__Collected data__:
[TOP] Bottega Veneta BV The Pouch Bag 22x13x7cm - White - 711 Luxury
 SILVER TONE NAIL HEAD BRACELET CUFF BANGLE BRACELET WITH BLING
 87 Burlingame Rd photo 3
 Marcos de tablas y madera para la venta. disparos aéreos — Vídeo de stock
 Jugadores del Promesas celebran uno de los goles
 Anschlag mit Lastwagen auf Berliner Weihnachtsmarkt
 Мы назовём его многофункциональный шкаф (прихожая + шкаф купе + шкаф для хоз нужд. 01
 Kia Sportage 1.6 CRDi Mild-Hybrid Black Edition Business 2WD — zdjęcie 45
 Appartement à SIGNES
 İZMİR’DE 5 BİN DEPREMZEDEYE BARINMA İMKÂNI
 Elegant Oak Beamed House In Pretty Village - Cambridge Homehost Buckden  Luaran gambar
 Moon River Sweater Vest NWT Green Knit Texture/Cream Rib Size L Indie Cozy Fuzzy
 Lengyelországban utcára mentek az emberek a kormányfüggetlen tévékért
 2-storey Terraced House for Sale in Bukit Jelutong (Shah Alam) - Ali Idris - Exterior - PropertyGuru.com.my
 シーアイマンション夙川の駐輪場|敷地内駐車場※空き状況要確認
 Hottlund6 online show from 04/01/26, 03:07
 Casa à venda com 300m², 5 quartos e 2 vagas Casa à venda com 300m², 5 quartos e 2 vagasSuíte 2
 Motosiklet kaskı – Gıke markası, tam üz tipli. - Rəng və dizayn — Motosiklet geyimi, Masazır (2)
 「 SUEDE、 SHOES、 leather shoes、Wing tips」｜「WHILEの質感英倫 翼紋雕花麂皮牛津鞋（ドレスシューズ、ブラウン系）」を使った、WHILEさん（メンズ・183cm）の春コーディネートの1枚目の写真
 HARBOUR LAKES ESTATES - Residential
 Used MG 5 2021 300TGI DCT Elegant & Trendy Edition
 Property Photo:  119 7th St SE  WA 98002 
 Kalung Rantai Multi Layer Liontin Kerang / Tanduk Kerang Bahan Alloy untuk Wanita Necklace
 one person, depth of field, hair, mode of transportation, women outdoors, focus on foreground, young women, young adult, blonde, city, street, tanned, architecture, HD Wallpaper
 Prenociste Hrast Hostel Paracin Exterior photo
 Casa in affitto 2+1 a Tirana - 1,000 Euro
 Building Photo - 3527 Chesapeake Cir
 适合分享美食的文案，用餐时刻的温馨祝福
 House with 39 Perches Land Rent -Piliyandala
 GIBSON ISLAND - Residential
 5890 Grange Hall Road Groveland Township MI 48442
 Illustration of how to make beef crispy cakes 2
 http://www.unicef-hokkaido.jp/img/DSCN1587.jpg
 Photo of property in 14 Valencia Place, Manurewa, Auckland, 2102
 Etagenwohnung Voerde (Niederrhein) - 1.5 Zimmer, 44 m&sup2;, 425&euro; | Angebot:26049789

__Assignment__: Working down from the line that contains "SUEDE、 SHOES、 leather", retype each line exactly through the last line of the data, and give nothing else.

__Your solution__:
 「 SUEDE、 SHOES、 leather shoes、Wing tips」｜「WHILEの質感英倫 翼紋雕花麂皮牛津鞋（ドレスシューズ、ブラウン系）」を使った、WHILEさん（メンズ・183cm）の春コーディネートの1枚目の写真
 HARBOUR LAKES ESTATES - Residential
 Used MG 5 2021 300TGI DCT Elegant & Trendy Edition
 Property Photo:  119 7th St SE  WA 98002 
 Kalung Rantai Multi Layer Liontin Kerang / Tanduk Kerang Bahan Alloy untuk Wanita Necklace
 one person, depth of field, hair, mode of transportation, women outdoors, focus on foreground, young women, young adult, blonde, city, street, tanned, architecture, HD Wallpaper
 Prenociste Hrast Hostel Paracin Exterior photo
 Casa in affitto 2+1 a Tirana - 1,000 Euro
 Building Photo - 3527 Chesapeake Cir
 适合分享美食的文案，用餐时刻的温馨祝福
 House with 39 Perches Land Rent -Piliyandala
 GIBSON ISLAND - Residential
 5890 Grange Hall Road Groveland Township MI 48442
 Illustration of how to make beef crispy cakes 2
 http://www.unicef-hokkaido.jp/img/DSCN1587.jpg
 Photo of property in 14 Valencia Place, Manurewa, Auckland, 2102
 Etagenwohnung Voerde (Niederrhein) - 1.5 Zimmer, 44 m&sup2;, 425&euro; | Angebot:26049789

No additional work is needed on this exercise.